Change 374512 had a related patch set uploaded (by Gehel; owner: Gehel):
[wikidata/query/rdf@master] Use the standard MDCInsertingServletFilter instead of our custom LoggingFilter

https://gerrit.wikimedia.org/r/374512

Change 374513 had a related patch set uploaded (by Gehel; owner: Gehel):
[operations/puppet@production] wdqs - change logging pattern to conform to the logback MDCInsertingServletFilter

https://gerrit.wikimedia.org/r/374513

Logs are now sent to logstash, but the "host" field isn't set correctly (its value is always "%{HOSTNAME}". Some analysis:

  • logs are sent over UDP, using the net.logstash.logback.appender.LogstashSocketAppender, to logstash port 11514
  • logstash is configured with an input type=logstash, codec=json on that port
  • logstash is configured to replace the hostname for [type] == logback
mutate {
      replace => [ "host", "%{HOSTNAME}" ]
      add_tag => [ "logback", "es" ]
    }
  • the same configuration seem to work for Cassandra

I'm also a bit weak on my logstash, but if i understand correctly %{...} basically resolves to another field in the same document. That would imply that wdqs is not sending the HOSTNAME variable. If we look at the actual documents we can see that cassandra docs have the HOSTNAME variable, and wdqs do not. So the question is, why isn't wdqs sending this?

It looks like HOSTNAME was added in https://github.com/logstash/logstash-logback-encoder/commit/0c67cff00bc0e9e03f566f53bfe55e11a60fea27

The earliest tag that includes this commit is logstash-logback-encoder-2.1. It seems unlikely we are using a version older than that. Perhaps somehow wdqs isn't using the same defaults? It seems like hostname is addded by default with a bunch of other properties in current master, via LogstashAccessFormatter.java

Oh, I was expecting %{HOSTNAME} to be interpreted by logstash itself, not as a ref in the same document. There is something about HOSTNAME being lazy loaded in recent version of logback. I'll try to find the reference...

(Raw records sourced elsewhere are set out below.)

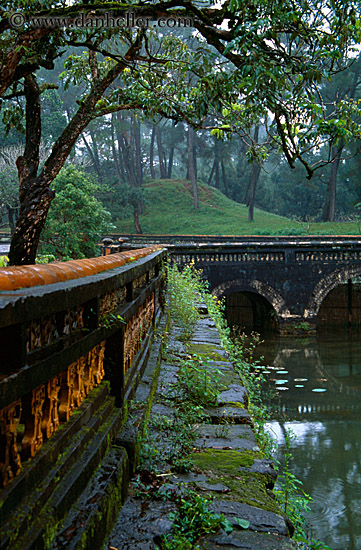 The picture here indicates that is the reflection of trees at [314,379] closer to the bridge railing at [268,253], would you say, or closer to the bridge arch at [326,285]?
the bridge arch at [326,285]

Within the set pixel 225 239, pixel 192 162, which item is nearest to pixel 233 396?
pixel 225 239

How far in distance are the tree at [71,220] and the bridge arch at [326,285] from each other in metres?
8.11

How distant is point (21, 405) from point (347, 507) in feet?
14.2

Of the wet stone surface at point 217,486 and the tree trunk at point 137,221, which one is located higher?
the tree trunk at point 137,221

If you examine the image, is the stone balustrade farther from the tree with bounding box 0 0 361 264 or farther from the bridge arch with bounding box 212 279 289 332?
the bridge arch with bounding box 212 279 289 332

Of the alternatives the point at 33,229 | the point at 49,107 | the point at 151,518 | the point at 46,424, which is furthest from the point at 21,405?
the point at 49,107

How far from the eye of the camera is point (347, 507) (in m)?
4.74

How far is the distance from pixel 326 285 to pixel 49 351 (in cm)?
1630

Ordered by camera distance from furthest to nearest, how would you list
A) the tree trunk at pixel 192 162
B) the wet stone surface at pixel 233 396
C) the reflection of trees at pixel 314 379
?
the tree trunk at pixel 192 162
the reflection of trees at pixel 314 379
the wet stone surface at pixel 233 396

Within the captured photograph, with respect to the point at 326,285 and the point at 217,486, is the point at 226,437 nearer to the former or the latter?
the point at 217,486

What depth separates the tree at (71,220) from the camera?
55.2ft

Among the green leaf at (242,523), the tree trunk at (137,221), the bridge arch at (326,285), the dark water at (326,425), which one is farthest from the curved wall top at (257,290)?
the tree trunk at (137,221)

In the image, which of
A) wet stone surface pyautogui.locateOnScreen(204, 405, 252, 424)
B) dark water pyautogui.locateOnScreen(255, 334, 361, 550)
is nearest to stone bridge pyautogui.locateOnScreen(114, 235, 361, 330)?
dark water pyautogui.locateOnScreen(255, 334, 361, 550)

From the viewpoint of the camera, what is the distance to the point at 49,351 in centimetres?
149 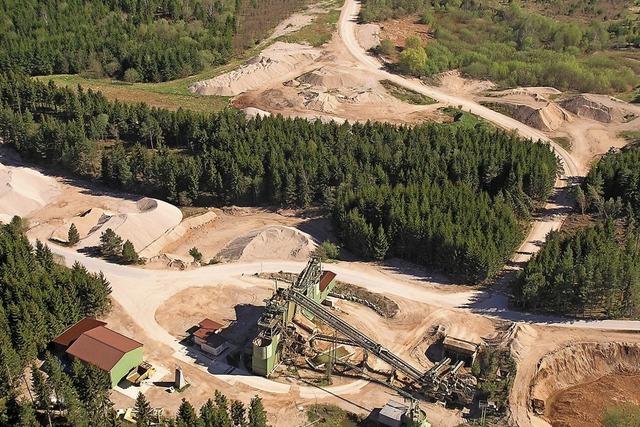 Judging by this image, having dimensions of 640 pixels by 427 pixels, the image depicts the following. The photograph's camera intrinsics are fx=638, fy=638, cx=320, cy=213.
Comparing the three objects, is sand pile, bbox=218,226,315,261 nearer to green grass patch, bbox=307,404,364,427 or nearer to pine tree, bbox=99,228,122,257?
pine tree, bbox=99,228,122,257

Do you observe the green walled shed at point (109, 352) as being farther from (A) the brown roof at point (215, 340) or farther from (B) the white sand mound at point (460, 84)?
(B) the white sand mound at point (460, 84)

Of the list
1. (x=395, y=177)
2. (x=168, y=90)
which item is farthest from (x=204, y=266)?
(x=168, y=90)

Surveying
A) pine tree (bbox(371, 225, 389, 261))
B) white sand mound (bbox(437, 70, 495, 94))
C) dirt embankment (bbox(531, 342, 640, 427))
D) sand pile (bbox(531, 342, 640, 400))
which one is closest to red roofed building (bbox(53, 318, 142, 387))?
pine tree (bbox(371, 225, 389, 261))

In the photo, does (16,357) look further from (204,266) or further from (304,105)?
(304,105)

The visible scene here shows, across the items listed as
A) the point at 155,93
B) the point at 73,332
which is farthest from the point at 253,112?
the point at 73,332

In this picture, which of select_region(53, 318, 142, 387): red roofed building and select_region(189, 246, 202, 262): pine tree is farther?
select_region(189, 246, 202, 262): pine tree

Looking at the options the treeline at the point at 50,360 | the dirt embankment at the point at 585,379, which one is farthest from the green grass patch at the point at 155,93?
the dirt embankment at the point at 585,379

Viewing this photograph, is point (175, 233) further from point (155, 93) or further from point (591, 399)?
point (155, 93) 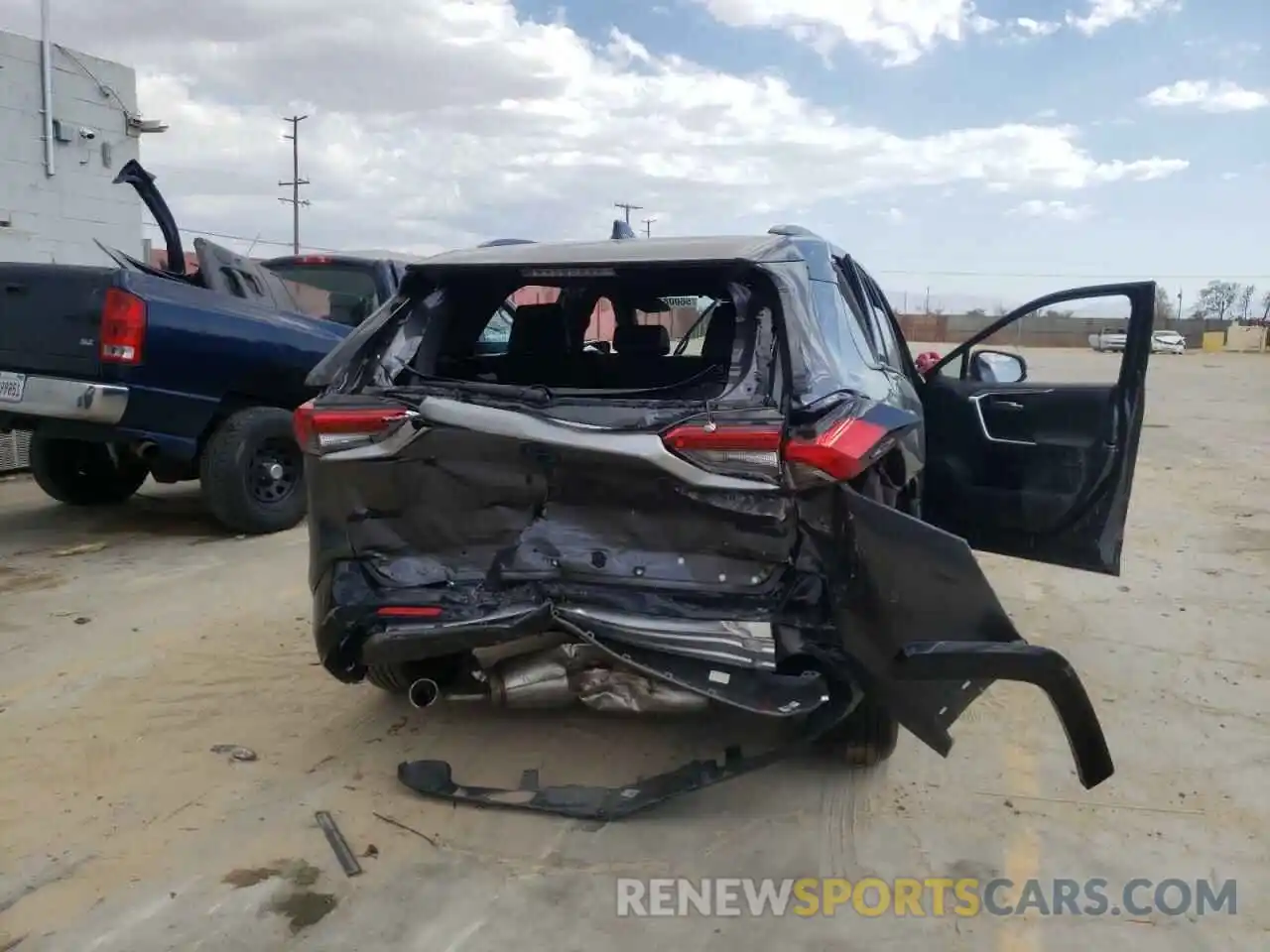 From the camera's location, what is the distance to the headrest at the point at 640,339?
5180mm

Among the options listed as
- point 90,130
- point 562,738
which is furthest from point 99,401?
point 90,130

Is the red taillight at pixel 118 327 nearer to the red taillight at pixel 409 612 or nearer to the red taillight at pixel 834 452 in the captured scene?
the red taillight at pixel 409 612

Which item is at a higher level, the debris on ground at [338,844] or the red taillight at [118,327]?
the red taillight at [118,327]

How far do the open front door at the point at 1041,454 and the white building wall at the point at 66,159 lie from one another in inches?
450

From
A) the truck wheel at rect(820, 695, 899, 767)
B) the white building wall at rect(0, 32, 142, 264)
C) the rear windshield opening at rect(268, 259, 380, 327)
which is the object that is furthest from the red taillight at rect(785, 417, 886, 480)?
the white building wall at rect(0, 32, 142, 264)

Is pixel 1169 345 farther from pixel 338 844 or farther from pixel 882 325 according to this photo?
pixel 338 844

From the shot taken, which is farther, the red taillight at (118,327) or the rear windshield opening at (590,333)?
the red taillight at (118,327)

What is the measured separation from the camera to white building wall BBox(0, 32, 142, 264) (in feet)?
40.7

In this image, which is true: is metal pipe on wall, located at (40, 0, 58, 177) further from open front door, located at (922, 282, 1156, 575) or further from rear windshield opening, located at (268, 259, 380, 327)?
open front door, located at (922, 282, 1156, 575)

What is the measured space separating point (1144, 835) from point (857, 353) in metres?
1.83

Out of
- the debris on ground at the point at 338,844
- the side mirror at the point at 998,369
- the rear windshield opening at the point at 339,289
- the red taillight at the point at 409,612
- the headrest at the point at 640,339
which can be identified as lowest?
the debris on ground at the point at 338,844

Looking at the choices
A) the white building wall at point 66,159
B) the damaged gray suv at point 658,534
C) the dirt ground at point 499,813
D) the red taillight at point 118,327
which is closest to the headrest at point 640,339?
the damaged gray suv at point 658,534

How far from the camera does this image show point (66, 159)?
13.1m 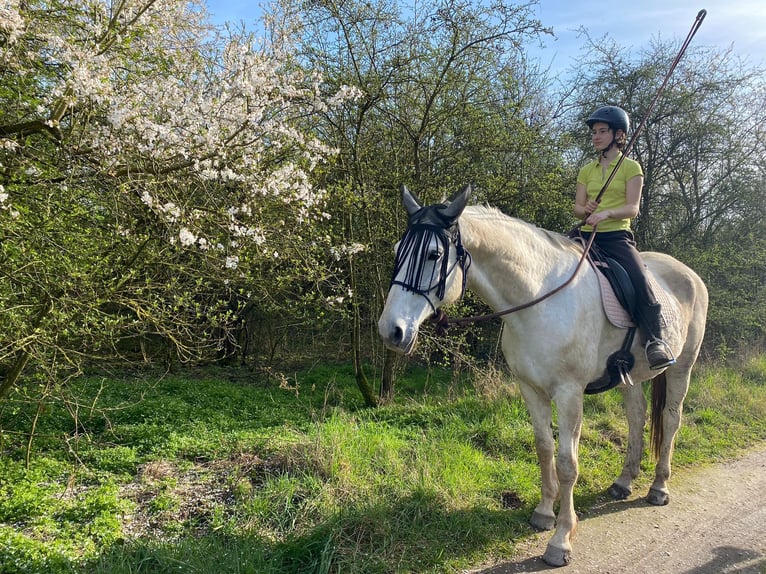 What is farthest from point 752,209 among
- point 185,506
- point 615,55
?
point 185,506

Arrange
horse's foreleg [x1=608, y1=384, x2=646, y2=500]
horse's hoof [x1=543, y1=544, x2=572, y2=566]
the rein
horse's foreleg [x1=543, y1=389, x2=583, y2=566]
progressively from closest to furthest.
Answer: the rein → horse's hoof [x1=543, y1=544, x2=572, y2=566] → horse's foreleg [x1=543, y1=389, x2=583, y2=566] → horse's foreleg [x1=608, y1=384, x2=646, y2=500]

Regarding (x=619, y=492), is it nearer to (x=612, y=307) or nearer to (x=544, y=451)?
(x=544, y=451)

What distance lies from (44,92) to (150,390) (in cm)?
600

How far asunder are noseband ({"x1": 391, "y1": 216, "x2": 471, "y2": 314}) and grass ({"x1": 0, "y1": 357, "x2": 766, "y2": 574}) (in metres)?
1.69

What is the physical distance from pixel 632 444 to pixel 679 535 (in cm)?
106

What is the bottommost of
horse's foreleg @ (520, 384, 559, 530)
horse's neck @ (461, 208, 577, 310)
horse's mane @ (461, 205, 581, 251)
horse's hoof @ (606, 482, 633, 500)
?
horse's hoof @ (606, 482, 633, 500)

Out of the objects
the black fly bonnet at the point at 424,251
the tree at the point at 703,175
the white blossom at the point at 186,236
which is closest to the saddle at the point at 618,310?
the black fly bonnet at the point at 424,251

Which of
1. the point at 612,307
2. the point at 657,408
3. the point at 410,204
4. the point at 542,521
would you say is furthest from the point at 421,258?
the point at 657,408

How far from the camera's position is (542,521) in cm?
363

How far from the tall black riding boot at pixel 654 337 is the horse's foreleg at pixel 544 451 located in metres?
0.86

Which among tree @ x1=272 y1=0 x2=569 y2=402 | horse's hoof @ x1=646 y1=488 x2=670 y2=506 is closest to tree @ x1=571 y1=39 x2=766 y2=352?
tree @ x1=272 y1=0 x2=569 y2=402

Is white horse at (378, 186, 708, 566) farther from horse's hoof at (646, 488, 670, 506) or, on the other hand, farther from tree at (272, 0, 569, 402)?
tree at (272, 0, 569, 402)

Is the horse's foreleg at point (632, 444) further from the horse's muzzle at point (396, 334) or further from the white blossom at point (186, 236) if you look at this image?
the white blossom at point (186, 236)

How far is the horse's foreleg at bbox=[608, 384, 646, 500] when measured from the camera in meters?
4.22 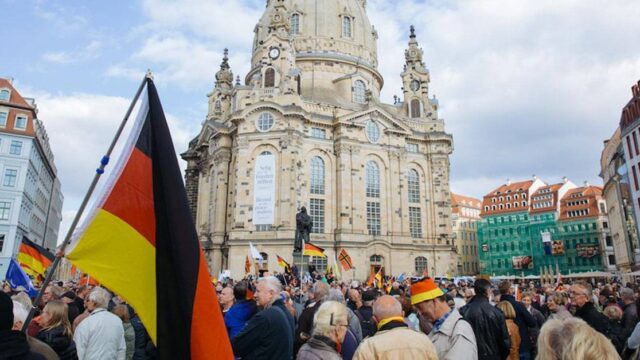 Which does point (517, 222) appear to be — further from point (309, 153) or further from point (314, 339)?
point (314, 339)

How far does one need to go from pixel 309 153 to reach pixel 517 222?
50369mm

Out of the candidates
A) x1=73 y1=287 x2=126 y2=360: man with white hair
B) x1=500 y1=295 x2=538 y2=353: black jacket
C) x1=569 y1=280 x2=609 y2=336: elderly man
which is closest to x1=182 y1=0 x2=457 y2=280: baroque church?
x1=500 y1=295 x2=538 y2=353: black jacket

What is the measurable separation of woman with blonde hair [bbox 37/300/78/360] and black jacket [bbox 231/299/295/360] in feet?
6.39

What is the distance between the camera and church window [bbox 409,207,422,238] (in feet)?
149

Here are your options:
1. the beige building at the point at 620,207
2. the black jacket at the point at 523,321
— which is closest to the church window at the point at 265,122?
the beige building at the point at 620,207

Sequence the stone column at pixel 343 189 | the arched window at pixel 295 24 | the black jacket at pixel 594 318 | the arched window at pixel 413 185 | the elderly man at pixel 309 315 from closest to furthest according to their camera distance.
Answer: the elderly man at pixel 309 315 < the black jacket at pixel 594 318 < the stone column at pixel 343 189 < the arched window at pixel 413 185 < the arched window at pixel 295 24

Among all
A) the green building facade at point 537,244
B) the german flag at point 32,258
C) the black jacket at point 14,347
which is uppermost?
the green building facade at point 537,244

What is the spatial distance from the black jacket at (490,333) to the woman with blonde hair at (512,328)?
3.15 feet

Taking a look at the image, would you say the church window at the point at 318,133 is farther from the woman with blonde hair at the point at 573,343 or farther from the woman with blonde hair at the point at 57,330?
the woman with blonde hair at the point at 573,343

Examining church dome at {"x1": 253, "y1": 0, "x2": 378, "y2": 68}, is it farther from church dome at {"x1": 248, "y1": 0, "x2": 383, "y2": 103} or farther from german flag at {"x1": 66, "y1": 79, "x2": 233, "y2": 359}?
german flag at {"x1": 66, "y1": 79, "x2": 233, "y2": 359}

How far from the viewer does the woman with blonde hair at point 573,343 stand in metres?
2.63

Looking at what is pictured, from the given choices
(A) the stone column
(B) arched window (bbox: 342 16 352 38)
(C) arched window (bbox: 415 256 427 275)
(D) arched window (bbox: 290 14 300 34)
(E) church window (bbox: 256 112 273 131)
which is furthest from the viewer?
(B) arched window (bbox: 342 16 352 38)

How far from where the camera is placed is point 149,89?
385 cm

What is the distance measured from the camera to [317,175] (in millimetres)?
42125
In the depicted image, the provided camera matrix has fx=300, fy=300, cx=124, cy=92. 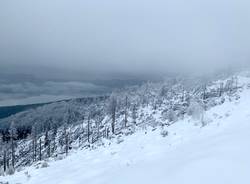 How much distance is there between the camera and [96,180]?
37.6ft

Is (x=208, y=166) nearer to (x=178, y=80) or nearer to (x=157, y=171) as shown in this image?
(x=157, y=171)

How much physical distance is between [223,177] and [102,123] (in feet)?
292

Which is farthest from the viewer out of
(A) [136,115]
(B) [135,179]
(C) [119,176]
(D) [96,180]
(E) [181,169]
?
(A) [136,115]

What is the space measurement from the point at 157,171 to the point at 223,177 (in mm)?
→ 2865

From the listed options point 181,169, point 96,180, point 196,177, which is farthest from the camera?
point 96,180

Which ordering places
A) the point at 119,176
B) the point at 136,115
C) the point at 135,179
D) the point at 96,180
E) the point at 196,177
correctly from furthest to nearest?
the point at 136,115 < the point at 96,180 < the point at 119,176 < the point at 135,179 < the point at 196,177

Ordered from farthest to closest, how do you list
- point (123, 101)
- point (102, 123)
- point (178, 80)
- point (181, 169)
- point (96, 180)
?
1. point (178, 80)
2. point (123, 101)
3. point (102, 123)
4. point (96, 180)
5. point (181, 169)

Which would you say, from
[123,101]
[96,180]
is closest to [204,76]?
[123,101]

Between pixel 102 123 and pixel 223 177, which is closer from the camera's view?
pixel 223 177

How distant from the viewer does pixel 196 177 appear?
25.6 feet

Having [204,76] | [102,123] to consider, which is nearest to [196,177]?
[102,123]

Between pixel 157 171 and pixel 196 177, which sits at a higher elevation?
pixel 196 177

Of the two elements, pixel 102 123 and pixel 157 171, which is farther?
pixel 102 123

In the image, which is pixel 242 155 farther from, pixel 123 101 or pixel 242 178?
pixel 123 101
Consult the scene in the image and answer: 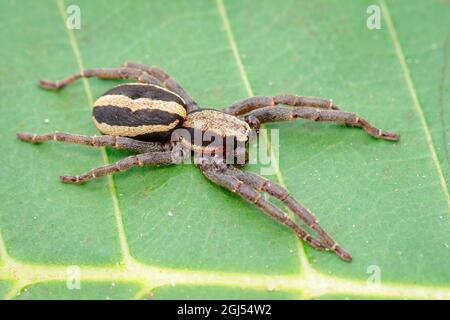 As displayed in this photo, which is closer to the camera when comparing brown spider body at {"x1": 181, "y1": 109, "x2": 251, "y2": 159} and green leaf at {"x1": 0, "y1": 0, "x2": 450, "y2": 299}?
green leaf at {"x1": 0, "y1": 0, "x2": 450, "y2": 299}

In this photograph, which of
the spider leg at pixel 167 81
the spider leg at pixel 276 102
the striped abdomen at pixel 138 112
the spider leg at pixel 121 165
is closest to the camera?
the spider leg at pixel 121 165

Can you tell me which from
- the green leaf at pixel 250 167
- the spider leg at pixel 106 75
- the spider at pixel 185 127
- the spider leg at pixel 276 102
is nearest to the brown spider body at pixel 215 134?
the spider at pixel 185 127

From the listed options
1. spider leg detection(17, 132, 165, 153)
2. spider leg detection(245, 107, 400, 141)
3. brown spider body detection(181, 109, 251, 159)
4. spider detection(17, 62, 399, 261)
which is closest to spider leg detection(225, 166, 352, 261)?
spider detection(17, 62, 399, 261)

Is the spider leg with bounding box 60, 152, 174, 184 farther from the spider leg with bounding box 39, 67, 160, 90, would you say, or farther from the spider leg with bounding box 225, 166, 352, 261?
the spider leg with bounding box 39, 67, 160, 90

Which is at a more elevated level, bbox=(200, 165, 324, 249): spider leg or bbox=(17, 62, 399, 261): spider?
bbox=(17, 62, 399, 261): spider

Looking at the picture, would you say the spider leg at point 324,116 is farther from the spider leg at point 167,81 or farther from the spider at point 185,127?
the spider leg at point 167,81

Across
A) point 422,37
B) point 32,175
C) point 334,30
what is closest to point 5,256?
point 32,175

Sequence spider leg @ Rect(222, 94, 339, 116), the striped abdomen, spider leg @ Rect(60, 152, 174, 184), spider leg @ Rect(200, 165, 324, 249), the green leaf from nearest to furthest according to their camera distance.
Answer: the green leaf → spider leg @ Rect(200, 165, 324, 249) → spider leg @ Rect(60, 152, 174, 184) → the striped abdomen → spider leg @ Rect(222, 94, 339, 116)

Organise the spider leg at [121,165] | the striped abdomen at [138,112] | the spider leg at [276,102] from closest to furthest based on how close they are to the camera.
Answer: the spider leg at [121,165], the striped abdomen at [138,112], the spider leg at [276,102] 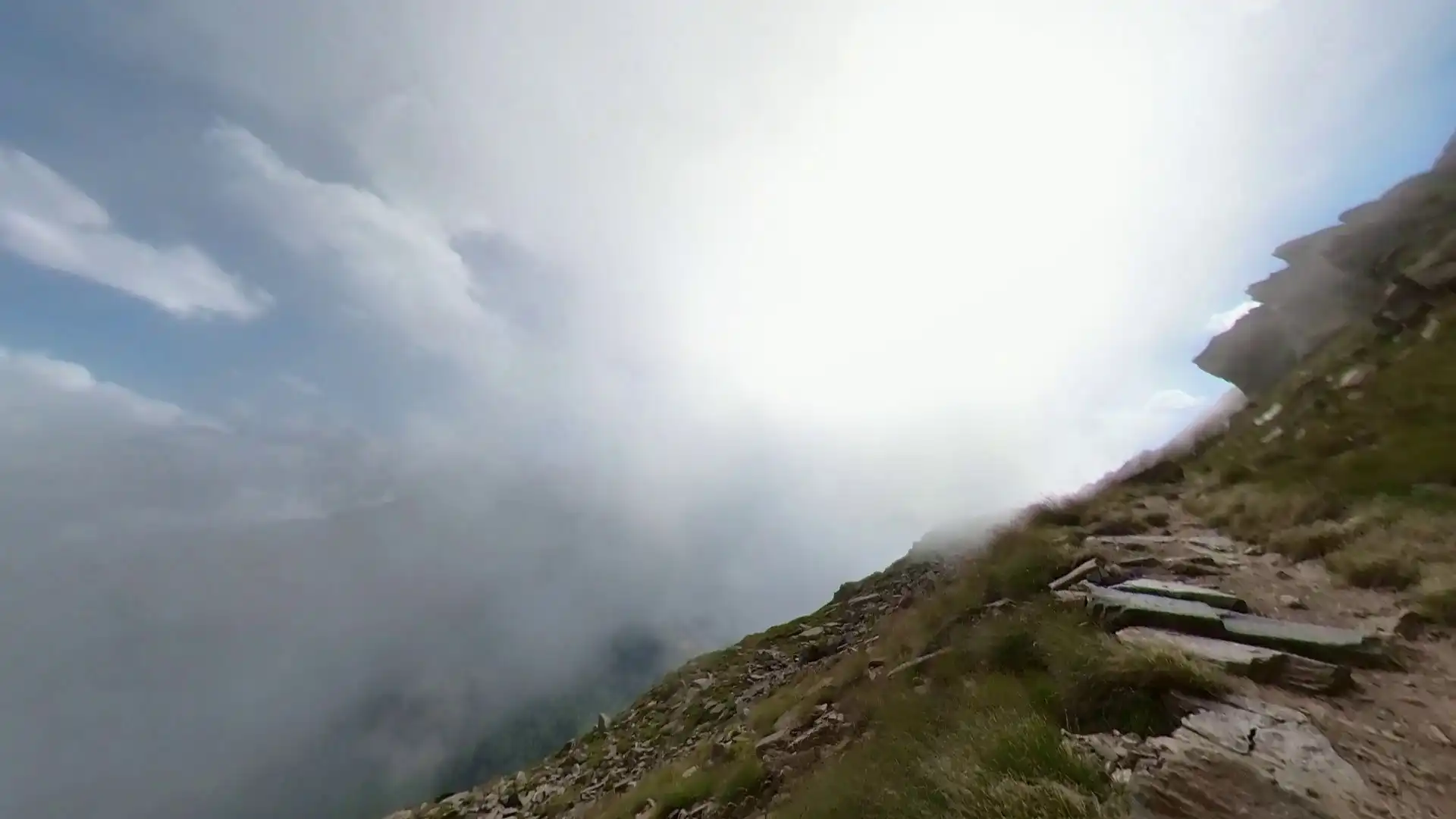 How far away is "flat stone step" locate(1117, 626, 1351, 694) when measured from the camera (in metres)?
6.73

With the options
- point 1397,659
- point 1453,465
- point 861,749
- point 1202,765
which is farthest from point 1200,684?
point 1453,465

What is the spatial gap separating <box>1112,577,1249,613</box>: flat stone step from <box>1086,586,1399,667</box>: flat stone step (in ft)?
0.78

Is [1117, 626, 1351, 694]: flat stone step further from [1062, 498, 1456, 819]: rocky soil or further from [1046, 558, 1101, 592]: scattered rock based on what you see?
[1046, 558, 1101, 592]: scattered rock

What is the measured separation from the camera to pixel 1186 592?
10094 millimetres

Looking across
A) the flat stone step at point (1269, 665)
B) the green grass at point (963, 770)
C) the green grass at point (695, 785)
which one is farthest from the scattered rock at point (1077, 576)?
the green grass at point (695, 785)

Change 374512 merged by jenkins-bot:
[wikidata/query/rdf@master] Use the standard MDCInsertingServletFilter instead of our custom LoggingFilter

https://gerrit.wikimedia.org/r/374512

Change 374806 had a related patch set uploaded (by Gehel; owner: Gehel):
[operations/puppet@production] wdqs - tuning of logback configuration to send logs to logstash

https://gerrit.wikimedia.org/r/374806

Change 374806 merged by Gehel:
[operations/puppet@production] wdqs - tuning of logback configuration to send logs to logstash

https://gerrit.wikimedia.org/r/374806

Mentioned in SAL (#wikimedia-operations) [2017-08-30T13:16:47Z] <gehel> restarting wdqs-blazegraph and wdqs-updater on all wdqs nodes for logback config change - T172710

Logs are now correctly sent to logstash. @Smalyshev: can you review and let me know if we are missing anything? Else just close this task...

Change 374513 merged by Gehel:
[operations/puppet@production] wdqs - logging pattern to conform to the logback MDCInsertingServletFilter

https://gerrit.wikimedia.org/r/374513

Smalyshev claimed this task.